I am sad. This book is important. It is the first book that Marshall will sit and read with me cover to cover. I like to think it is because Granma's lap is warm and cuddly and my engaging rendition is worthy of a Grammy. But I know it is really because two-and-a half-year-old Marshall likes to be in control. He enjoys pulling the tab that reveals Santa Bug jumping out of the chimney. He likes lifting the beautifully wrapped present flap that reveals three different sizes of Gift-wrapped Bugs. He especially loves the final page, which has a yellow, shiny Starbug at the top of a Christmas tree that flashes on and off as "Jingle Bells" plays, for we always play a little game, a sort of singing version of musical chairs. When he pulls the tab out to start the music, I sing along to the first verse of "Jingle Bells." When he pushes the tab in to stop the music, I stop singing. We play back and forth, starting and stopping, for several rounds. Because the song is cued to always start at the beginning, I rarely make it past "Dashing through the snow." Only if he is distracted do I make it to "Jingle bells." We enjoy our little game immensely. Marshall enjoys controlling how Granma responds. I enjoy sitting before a book with my grandson, my first step in teaching him to read.

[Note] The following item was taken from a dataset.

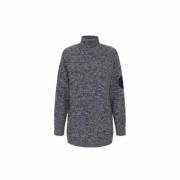 Blauw Wit Lang Turtleneck Sweater Elisabetta Franchi , Blue , Dames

The retrieved book is very wet. Two days in the snow will do that. I am sad. Very sad. I love Jingle Bugs. So much so that I replaced my original copy of it, the one I used to read to my own children, after a rather unfortunate mishap three years ago. On that fateful day, Adella, who was two, had pulled out the music tab on the final page so far that I could not push it back in, creating a "Jingle Bell" hell. It was truly "The Song that Never Ends." I tried and tried to push and pull that worn tab to stop the music. All to no avail.
Then when I could not silence the book, I tried muffling its sound, certain its battery would soon die. I put the book between the cushions of my couch and under several pillows on my bed. I even hid it in the garage. But I could not escape the noise. Oh, the noise! So I confess that I, an avowed book lover, then committed bibliocide, ripping and stabbing the book, crushing its very innards until it was silenced.
After a day of drying, Jingle Bugs 2.0 is very fragile. We sit down to read it. Marshall unintentionally pulls off the wings of the Snowbug, and we cannot unstick the tab that moves the Jingle Bugs on the mistletoe. But the battery is still strong. Perhaps too strong. The snow has not short-circuited it. The book still plays "Jingle Bells" and its star still brightly flashes. As we play our game, Marshall pulling the tab and me singing, I begin to worry. How long will this tab, weakened by two days in the elements, last. Will Marshall repeat history and launch Jingle Bugs 2.0 in an endless round of its theme song?
I carefully weigh my options. I can distract Marshall and then hide the book. But, I think, what's a grandmother for if not to teach her grandchild to appreciate books. Or we can read the book until it breaks. But such a step risks my very sanity.
Or I can simply order Jingle Bugs 3.0. And so I shall. True Christmas classics never die. Thanks to batteries and Amazon.